Zu Hause führte sie ihn auf den Balkon und präsentierte ihm den gedeckten Tisch: auf weißem Tuch das Silberbesteck von ihrer Großmutter, das sie extra poliert hatte, rosa Papierservietten, kunstvoll drapiert auf weißen Tellern mit blauem Rand, und überall verstreute Asternblüten in Blau, Rot und Rosa.
»Hoi, so feierlich. Gibt es etwas Besonderes?«, fragte er.
»Nur deine Rückkehr«, sagte sie trocken. »Willkommen daheim.«
Sie reichte ihm ein Glas Prosecco und stieß mit ihm an.
Nach einem großen Schluck inspizierte er den blauen Elektrogrill: Das Wasser unter dem Rost war schon eingefüllt. Er folgte ihr in die Küche, wo sie das Baguette in den Ofen schob und die Vorspeisen in kleine Schüsseln verteilte.
Er war auffallend still.
»Es hat mir leidgetan, dass ich so plötzlich abreisen musste«, sagte sie.
»Der erste Tag und die erste Nacht waren schwer.«
Sie nahm ihn in den Arm. »Ich weiß, Ralf. Aber es wäre gleich zu Anfang schiefgelaufen, wenn ich nicht da gewesen wäre.«
Er machte sich los und legte das Lamm-, Schweine- und Kalbfleisch, das sie jeweils in einem anderen Sud eingelegt hatte, auf eine Platte.
»Chris hat die Abteilung gewechselt«, sagte sie.
»Hattest du erzählt. Und da ist sie gleich für deinen Fall zuständig?«
»Eigentlich nicht. Sie musste den zuständigen Kollegen vertreten. - In das Olivenöl mit Balsamico-Essig habe ich etwas Senf und Zucker getan. Und frischen Knoblauch.«
»Sehr gut. Und was hast du da?«
»Getrocknete Tomaten, eingelegte Pilze und Knoblauchzehen, Pasten aus Schafskäse. Dieser hier mit Chili und Paprika, und der mit Spinat, und der mit Knoblauch.«
Sie wusch den Rucola, ließ ihn in einem Sieb abtropfen und legte ihn auf ein frisches Geschirrhandtuch.
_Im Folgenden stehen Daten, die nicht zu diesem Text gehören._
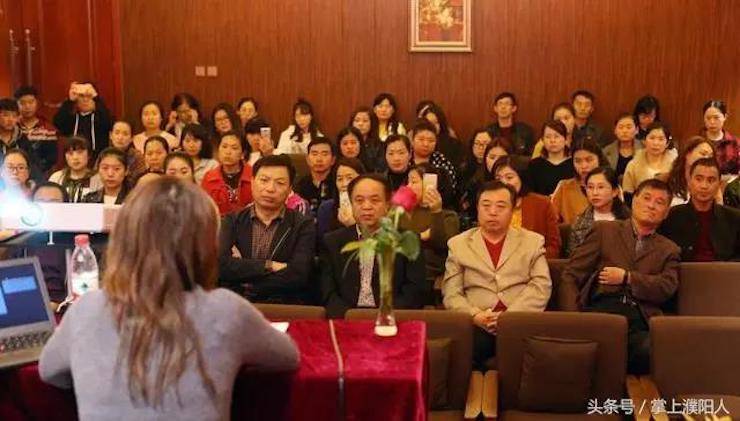 雅馬哈藝術家朱楣巡講《練琴的藝術》——安陽、濮陽站完美落幕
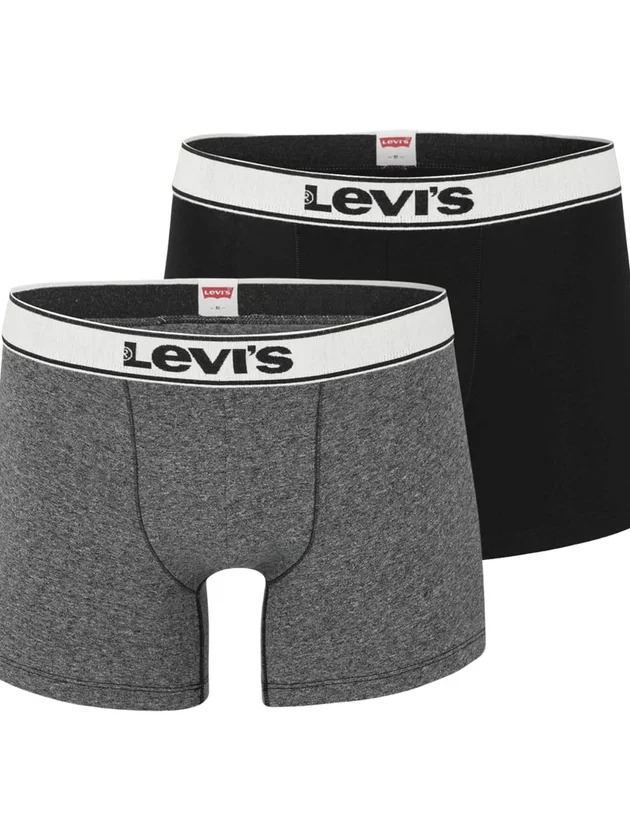 Vntg Htr Boxer Brief 2P
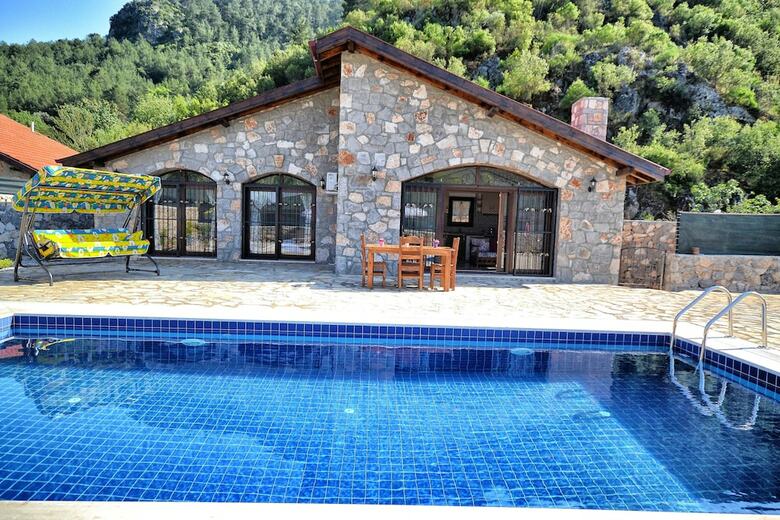 Kay2500 Villa Ferah1 2 Bedrooms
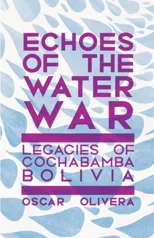 Echoes of Cochabamba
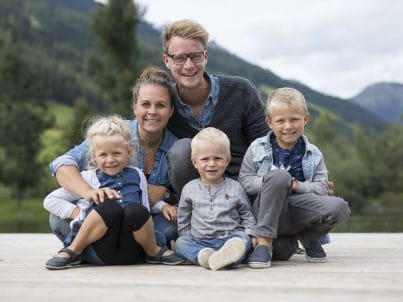 Firma Easy Living Appartement Ötztal - FamiliePohl Pohl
Dass Chris einen Künstler ins Spiel gebracht hatte, würde ihn sicher interessieren. »Als Chris am Tatort war, ist so’n Typ über die Absperrung gesprungen und hat sie angemacht. Josef Heiliger. Kennst du ihn?«
»Heiliger?« Er lachte.
Sie hielt beim Schnippeln der Radieschen inne. »Was ist daran witzig?«
Er schüttelte den Kopf und schien sich zu amüsieren.
»Kennst du ihn?«
»Jeder in der Kunstszene kennt ihn. Er war in Miami vertreten und hat gerade eine Ausstellung in der Fasanenstraße.«
Sie erinnerte sich an Chris’ Bericht von der Vernissage. Sie schob alles Geschnipselte auf dem Brett zusammen, um es später mit der Salatsoße zu vermischen.